Honolulu – travelling for a marathon
Travelling for destination marathons has become extremely popular. Even if doing a marathon isn’t the first thing someone considers when looking at being in Honolulu in mid-December, especially if they live in the frigid Colorado Rockies. But this was the exact reason I was making the journey to Hawaii, what some would call paradise.
Being relatively new to marathon running, I had smartly planned my trip so that the big event was close to my departure date. Walking and hiking the day after running 26.2 miles wasn’t going to be what one might call “fun.” On my first full day there, I decided to walk to iconic Diamond Head. I love trail running, and, well, there is a rather nice path going up it so . . . yes, I ran up Diamond Head. My favorite part was running past a trio of off-duty military who heartedly yelled out: “Someone has way too much energy!” The view and the achievement for a formerly fat couch potato were well worth it.
A couple of nights before the race is a luau and concert. If you plan on attending, which I recommend, pay the extra money for the VIP ticket. Not only will you avoid the mile-long line of people waiting to get in, but you get to be by the stage, wine is included, and the service is great. The table setup also allows you to make new friends, and most importantly new drinking friends with whom to celebrate after you cross the finish line!
Two weeks before coming to the popular island of Oahu, I ran a half marathon while it was -5C degrees and snowing, so being in 32C, not including the heat index, was enjoyable, but I was wondering how the run was going to go. The race begins at 5 AM, although really that’s for the pros. With a starting lineup of 25,000 people, it takes a bit for everyone to get across the starting line.

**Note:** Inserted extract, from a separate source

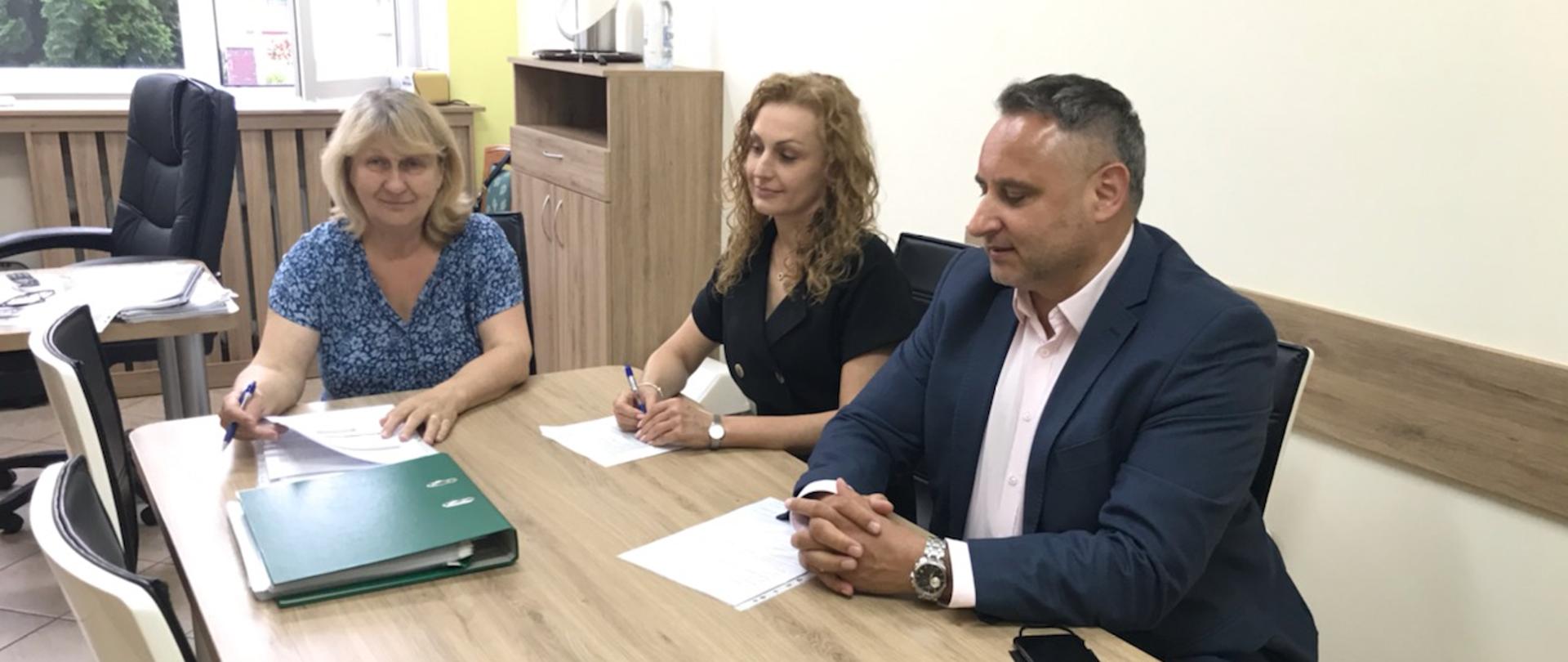 Wizyta dyrektora Państwowego Instytutu Weterynaryjnego w Puławach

At first I cursed the insane hour, but as the sun made its glorious appearance and the trade winds stayed away, I was very happy we had some time before the brutal heat began draining me. I saw people sitting on ice blocks at the aid stations to cool down and within another hour ambulance sightings weren’t uncommon.
Honolulu is a beautiful place for a destination marathon, and the lack of time limit makes it perfect for beginners and walkers. In fact several hours after I finished a man in his 90s crossed the finish line. He had been “racing” for almost 10 hours.
Here are a few things that will make your experience a little nicer as well:
- Don’t just rely on BodyGlide or a similar product to prevent chafing. Vaseline might be a good idea since it’s more water resistant. And I’d suggest Band-Aids over the nipples. Speaking from personal experience, the combination of pouring water over your head and sweat will make things not so fun.
- Bring your own gels or energy chews. These aren’t provided by the race.
- Bring money for food afterward. After spending hours in the heat running, an apple and 2 hard cookies isn’t enough and none of the food vendors accept credit cards. There are, however, restaurants very close to the park.